4. Whether giving out of sweets as an alternative form of currency amounts to unfair competition?
The Competition Act, 2010, Act No. 12 of 2010 was enacted to safeguard competition in Kenya. The rampant practice by supermarkets in giving certain brands of sweets in place of coins is resulting in unfair competition. The supermarkets are helping increase the market share for companies manufacturing specific types of sweets to the disadvantage of other companies manufacturing similar sweets.
- Whether giving out of sweets as an alternative form of currenc result in reduced coin circulation?

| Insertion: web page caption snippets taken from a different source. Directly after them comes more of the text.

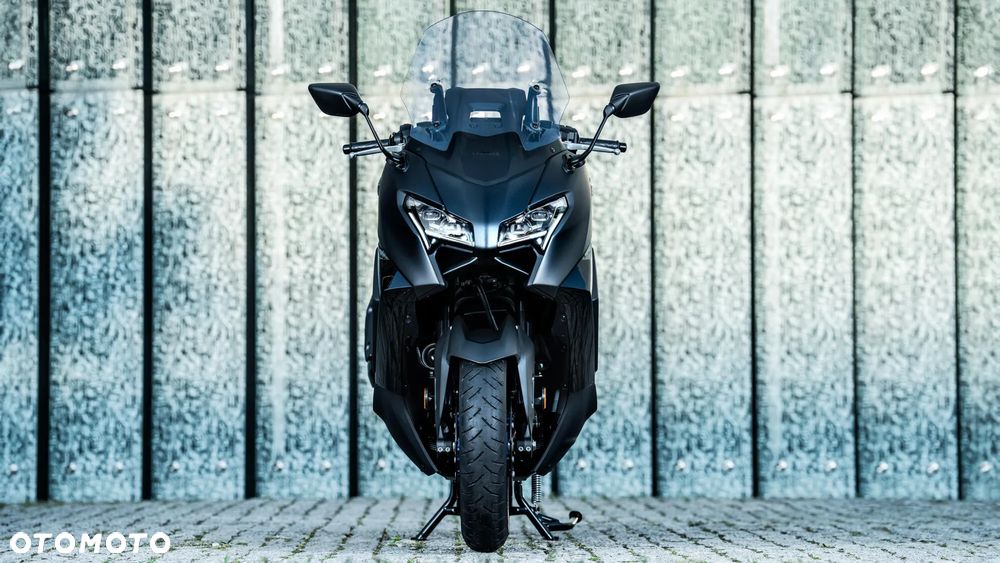 Yamaha Tmax - 13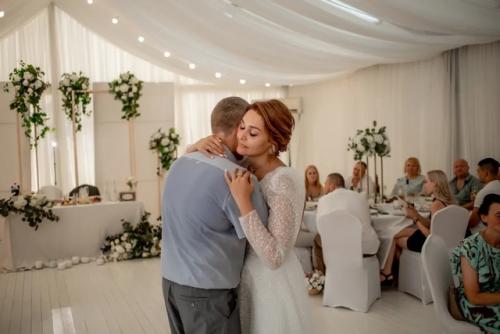 Невеста должна быть уверена, что ее прическа и макияж будет держаться весь день. 01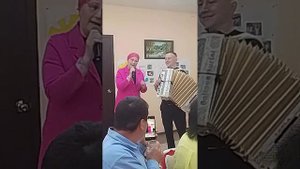 Песня "Яшь Гомер" под аккомпанементом Булата Шарипова.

The fact that the supermarkets have sweets and other alternatives to coins, they are not willing to obtain coins from the Banks therefore reducing the coins in circulation. The supermarkets contend that the coins are bulky and take up considerable space in the vaults and that is the reason they opt for products that are readily available in the store.
Other Jurisdictions That Experience A Similar Dilemma
In the United States of America, the supermarkets are currently facing the same predicament as Kenyan supermarkets. Most supermarkets in USA have resulted in issuing customers with notices that they will not be accepting cents and to that effect the customers should provide exact change. The coin shortage has arisen due to the COVID 19 pandemic, automation of banks and rations on issuance of coins by banks.

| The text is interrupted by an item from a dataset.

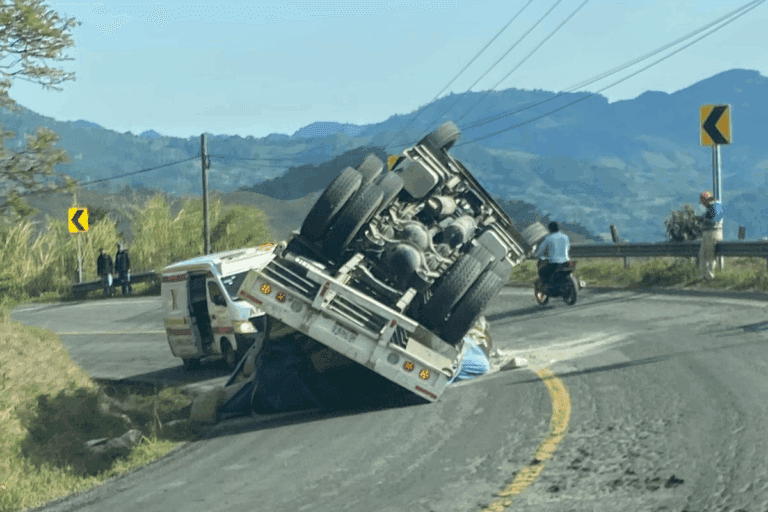 Imagen: Halcones de Tlanchinol alertan por baches en esta carretera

The coin shortage has affected consumers because the widespread adoption of mobile and card payments allows most of the supermarkets to embrace these modes of payments over cash transactions. Therefore, consumers who do not have bank accounts and mobile money platforms are disadvantaged. The consumer Federation of America has lamented on the tendency of the prices being increased to avoid giving out nickels and dimes because it makes the consumer purchase a product at a higher price. Additionally, some grocery stores are offering the customers with the option of loading the change to their loyalty cards and that change can only be utilized if the consumer is purchasing products from the same line of grocery store. The grocery store bullies the consumer to make multiple purchases from the same store.
Conclusion and Recommendations
Since the article has established that the practice by supermarkets in substituting legal tender with other alternatives is illegal and contrary to consumer rights, the various bodies mandated under the law to ensure protection of consumer rights should come up with laws and regulation prohibiting such practice. The mandated bodies are;
- The Central Bank of Kenya
- The Consumer Protection Department under The Competition Authority of Kenya
- The Kenya Consumer Protection Advisory Committee
- Consumer Federation of Kenya
The above-named bodies should collaborate and establish a manner in which product prices can be standardized to avoid the consumers being exploited by the sellers. More so, the Central Bank of Kenya should work closely with respective bank branches to ensure that the supermarkets close to their location have enough coin reserves.